Menu
AWS Glue
Developer Guide

Jobs

Data Types

Job Structure

Specifies a job.

Fields

  • Name – String, matching the Single-line string pattern.

    The name you assign to this job.

  • Description – Description string, matching the URI address multi-line string pattern.

    Description of this job.

  • LogUri – String.

    This field is reserved for future use.

  • Role – String.

    The name of the IAM role associated with this job.

  • CreatedOn – Timestamp.

    The time and date that this job specification was created.

  • LastModifiedOn – Timestamp.

    The last point in time when this job specification was modified.

  • ExecutionProperty – An ExecutionProperty object.

    An ExecutionProperty specifying the maximum number of concurrent runs allowed for this job.

  • Command – A JobCommand object.

    The JobCommand that executes this job.

  • DefaultArguments – An array of UTF-8 string–to–UTF-8 string mappings.

    The default arguments for this job, specified as name-value pairs.

    You can specify arguments here that your own job-execution script consumes, as well as arguments that AWS Glue itself consumes.

    For information about how to specify and consume your own Job arguments, see the Developer Guide Python programming topic.

    AWS Glue consumes the following arguments to set up the Job script environment:

    • --scriptLocation  —  The S3 location where your ETL script is located (in a form like s3://path/to/my/script.py). This overrides a script location set in the JobCommand object.

    • --extra-py-files  —  S3 path(s) to additional Python modules that AWS Glue will add to the Python path before executing your script. Multiple values must be complete paths separated by a comma (,). Note that only pure Python modules will work currently. Extension modules written in C or other languages are not supported.

    • --extra-jars  —  S3 path(s) to additional Java .jar file(s) that AWS Glue will add to the Java classpath before executing your script. Multiple values must be complete paths separated by a comma (,).

    • --extra-files  —  S3 path(s) to additional files such as configuration files that AWS Glue will copy to the working directory of your script before executing it. Multiple values must be complete paths separated by a comma (,).

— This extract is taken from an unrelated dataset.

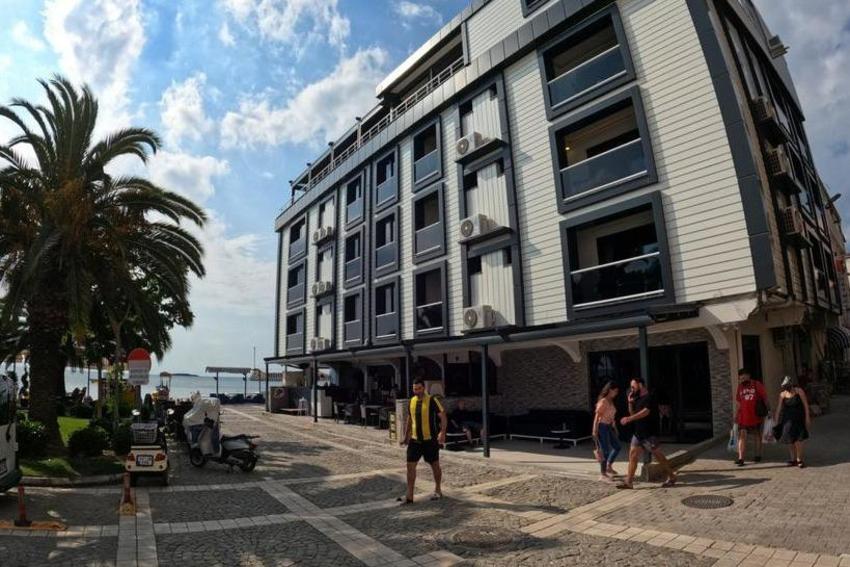 Avşa Extra Vagant Otel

    • --job-bookmark-option  —  When this argument is present, bookmarking is enabled, so that a JobRun starts from where the last one left off.

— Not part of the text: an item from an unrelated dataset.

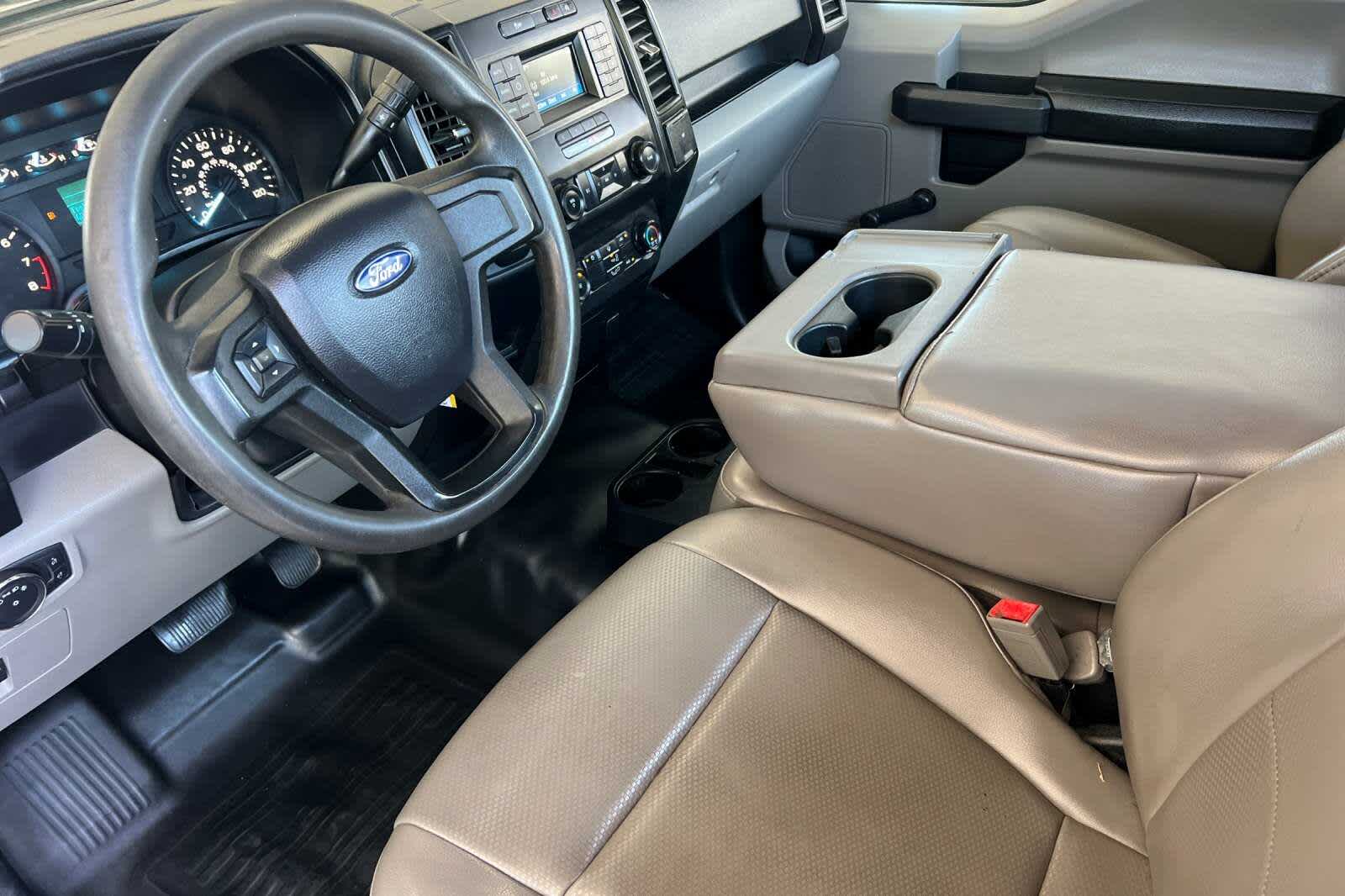Thumbnail: 2019 Ford F-150 - 10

    • --TempDir  —  Specifies an S3 path to a bucket that can be used as a temporary directory for the Job.

    There are several argument names used by AWS Glue internally that you should never set:

    • --conf  —  Internal to AWS Glue. Do not set!

    • --debug  —  Internal to AWS Glue. Do not set!

    • --mode  —  Internal to AWS Glue. Do not set!

    • --JOB_NAME  —  Internal to AWS Glue. Do not set!

  • Connections – A ConnectionsList object.

    The connections used for this job.

  • MaxRetries – Number (integer).

    The maximum number of times to retry this job if it fails.

  • AllocatedCapacity – Number (integer).

    The number of AWS Glue data processing units (DPUs) allocated to this Job. From 2 to 100 DPUs can be allocated; the default is 10. A DPU is a relative measure of processing power that consists of 4 vCPUs of compute capacity and 16 GB of memory. For more information, see the AWS Glue pricing page.

ExecutionProperty Structure

An execution property of a job.

Fields

  • MaxConcurrentRuns – Number (integer).

    The maximum number of concurrent runs allowed for a job. The default is 1. An error is returned when this threshold is reached. The maximum value you can specify is controlled by a service limit.

JobCommand Structure

Specifies code that executes a job.

Fields

  • Name – String.

    The name of the job command: this must be glueetl.

  • ScriptLocation – String.

    Specifies the S3 path to a script that executes a job (required).

ConnectionsList Structure

Specifies the connections used by a job.

Fields

  • Connections – An array of UTF-8 strings.

    A list of connections used by the job.

JobUpdate Structure

Specifies information used to update an existing job. Note that the previous job definition will be completely overwritten by this information.

Fields

  • Description – Description string, matching the URI address multi-line string pattern.

    Description of the job.

  • LogUri – String.

    This field is reserved for future use.

  • Role – String.

    The name of the IAM role associated with this job (required).

  • ExecutionProperty – An ExecutionProperty object.

    An ExecutionProperty specifying the maximum number of concurrent runs allowed for this job.

  • Command – A JobCommand object.

    The JobCommand that executes this job (required).

  • DefaultArguments – An array of UTF-8 string–to–UTF-8 string mappings.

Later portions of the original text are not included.